▶ _Given entries_:
****************

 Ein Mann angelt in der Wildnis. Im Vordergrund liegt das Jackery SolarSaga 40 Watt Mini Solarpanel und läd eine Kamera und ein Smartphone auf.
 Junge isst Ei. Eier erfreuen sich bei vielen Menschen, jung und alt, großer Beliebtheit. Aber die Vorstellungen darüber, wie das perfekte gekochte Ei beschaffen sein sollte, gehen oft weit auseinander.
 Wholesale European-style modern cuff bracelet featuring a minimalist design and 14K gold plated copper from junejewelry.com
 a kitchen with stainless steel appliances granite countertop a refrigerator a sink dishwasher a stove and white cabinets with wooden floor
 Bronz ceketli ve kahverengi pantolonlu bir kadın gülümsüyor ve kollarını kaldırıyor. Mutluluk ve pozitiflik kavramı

****************

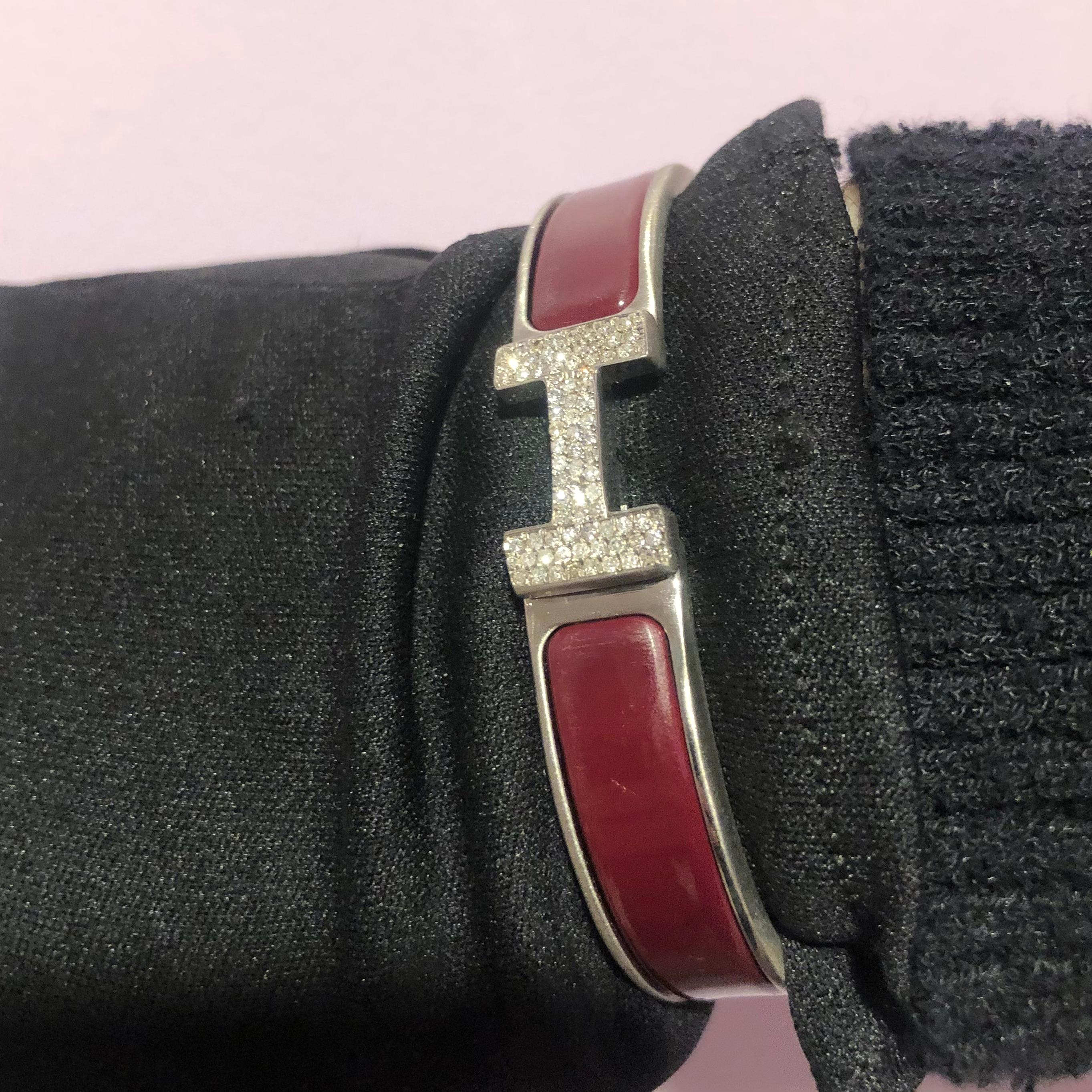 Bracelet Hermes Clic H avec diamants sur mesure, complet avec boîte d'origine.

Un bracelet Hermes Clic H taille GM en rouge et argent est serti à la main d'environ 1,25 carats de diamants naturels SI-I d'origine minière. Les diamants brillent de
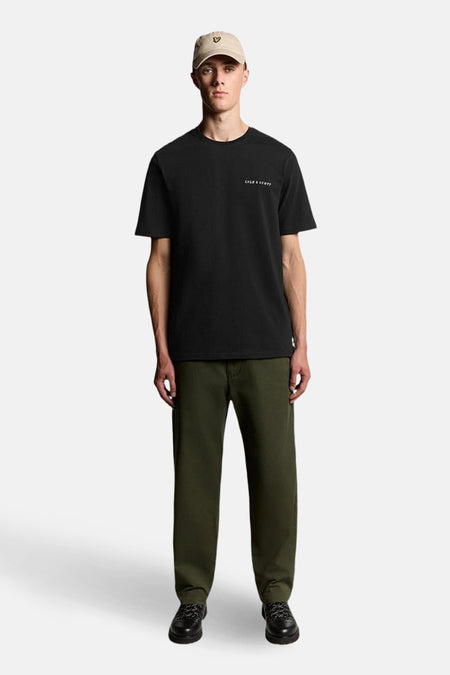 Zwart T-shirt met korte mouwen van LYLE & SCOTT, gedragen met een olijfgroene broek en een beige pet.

****************

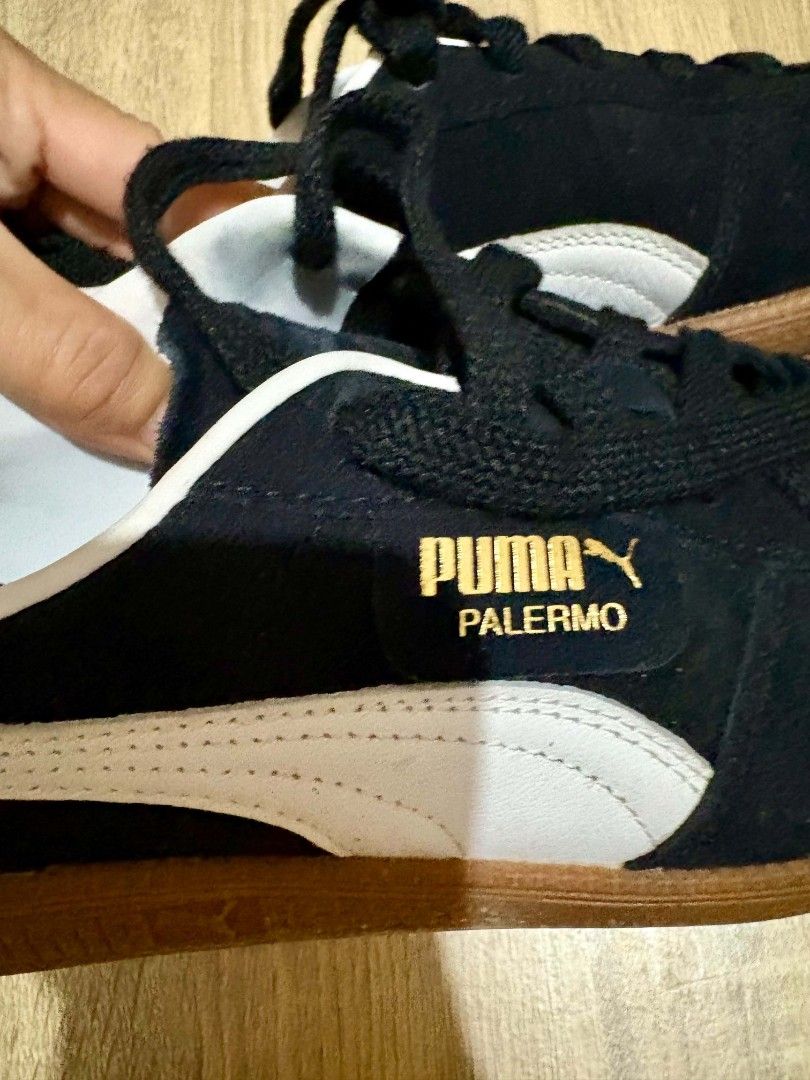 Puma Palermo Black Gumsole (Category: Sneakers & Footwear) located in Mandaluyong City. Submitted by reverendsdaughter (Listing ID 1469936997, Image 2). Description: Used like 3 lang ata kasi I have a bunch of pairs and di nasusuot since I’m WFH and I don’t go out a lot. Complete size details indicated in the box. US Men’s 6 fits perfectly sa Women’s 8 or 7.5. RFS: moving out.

****************

▶ _Brief_: Using the data above, reproduce exactly the lines from the line that contains "a kitchen with" through the line that contains "Bronz ceketli ve", including both.

▶ _Completed task_:
 a kitchen with stainless steel appliances granite countertop a refrigerator a sink dishwasher a stove and white cabinets with wooden floor
 Bronz ceketli ve kahverengi pantolonlu bir kadın gülümsüyor ve kollarını kaldırıyor. Mutluluk ve pozitiflik kavramı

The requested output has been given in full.